Data were analyzed using IBM-SPSS software (version 26.0) and MedCalc Statistical Software (version 18.9.1). Quantitative data were initially tested for normality using Shapiro-Wilk’s test, with data being normally distributed if p > 0.050. The presence of significant outliers was tested by inspecting boxplots. Quantitative data were expressed as mean ± SD for normally distributed data. The intraclass correlation coefficient (ICC) and Bland and Altman plot were used to assess the agreement between the two raters. One-way ANOVA test compared quantitative data between the three groups. The diagnostic performance of a test was assessed by ROC curve analysis, sensitivity, specificity, PPV, NPV, accuracy, F1 score, and the Matthews Correlation Coefficient. Logistic regression was used to predict the probability that an observation falls into one of two categories of a dichotomous dependent variable (HCC vs. non-HCC). For any of the used tests, results were considered statistically significant if the p value ≤ 0.050.

Results

Patients’ characteristics

Hepatic focal lesions were 24 hemangiomas in 18 patients, 27 HCCs in 17 patients, and 23 non-HCC malignant lesions in 14 patients (9 patients with 18 metastases and 5 patients with cholangiocarcinoma). Six patients with hepatic metastases had primary colorectal cancer, one patient had pancreatic adenocarcinoma, and the last two patients had ovarian cancer. Out of 14 patients with non-HCC malignancy, eight underwent tissue biopsy (3 with metastases and five cholangiocarcinomas). The remaining six patients were considered metastatic due to known primary malignancy and typical targetoid mass appearance on both dynamic MRI and DWI. No biopsy was performed for benign HFLs or HCCs; the diagnosis was based on MRI features. HCCs were more common in males (85%) than in females (15%). In comparison, hemangiomas were more common in females (75%) than in males (25%). This difference in gender distribution was statistically significant (p < 0.0005).

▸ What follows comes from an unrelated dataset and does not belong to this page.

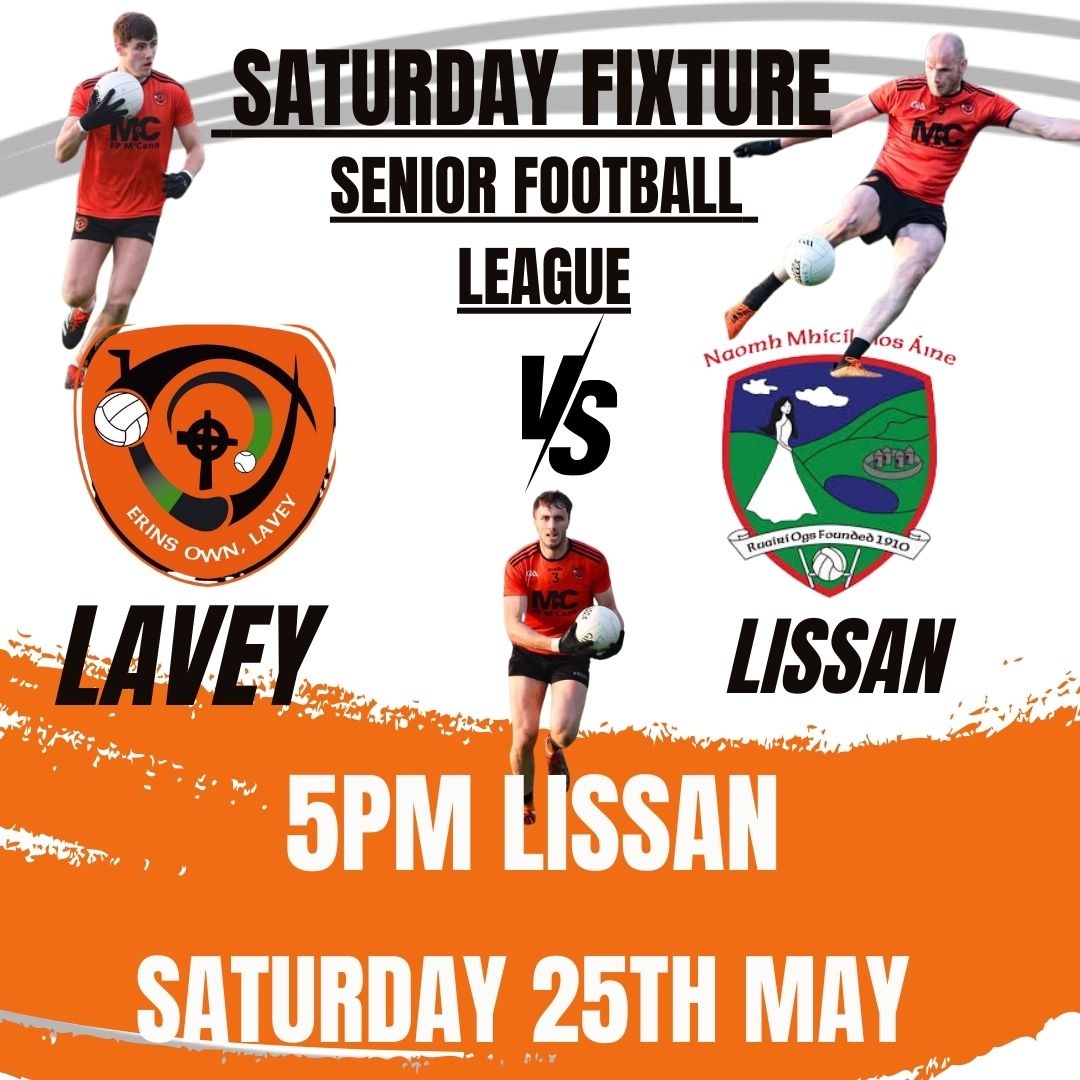 Best of luck to our Senior Footballers this evening as they take on St. Michael's GAC Lissan at 5pm in Lissan.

Benign versus malignant HFLs

The ADC, MD, and FA at cutoff values of ≤ 1.17 × 10−3 mm2/s, ≤ 1.71 × 10−3 mm2/s, and > 0.29, respectively, were excellent discriminators for differentiating malignant and benign HFLs. This minor difference between the AUC of FA vs. AUCs of both ADC and MD is not statistically significant (p = 0.2641). The three parameters have an excellent diagnostic performance with 100% specificity and 100% PPV for all of them (Tables 1 and 2; Fig. 2).

Table 1 Diagnostic performance of discriminators of malignant vs. benign lesion. Areas under the ROC curves for the three discriminators
Table 2 Diagnostic performance of discriminators of malignant vs. benign lesion. Diagnostic performance of the three discriminators
Fig. 2
figure 2

ROC curves for diagnostic performance of ADC, MD, and FA to discriminate malignant from benign HFLs (AC). ROC curves for diagnostic performance of ADC, MD, and FA to discriminate HCC from non-HCC malignant lesions (DF)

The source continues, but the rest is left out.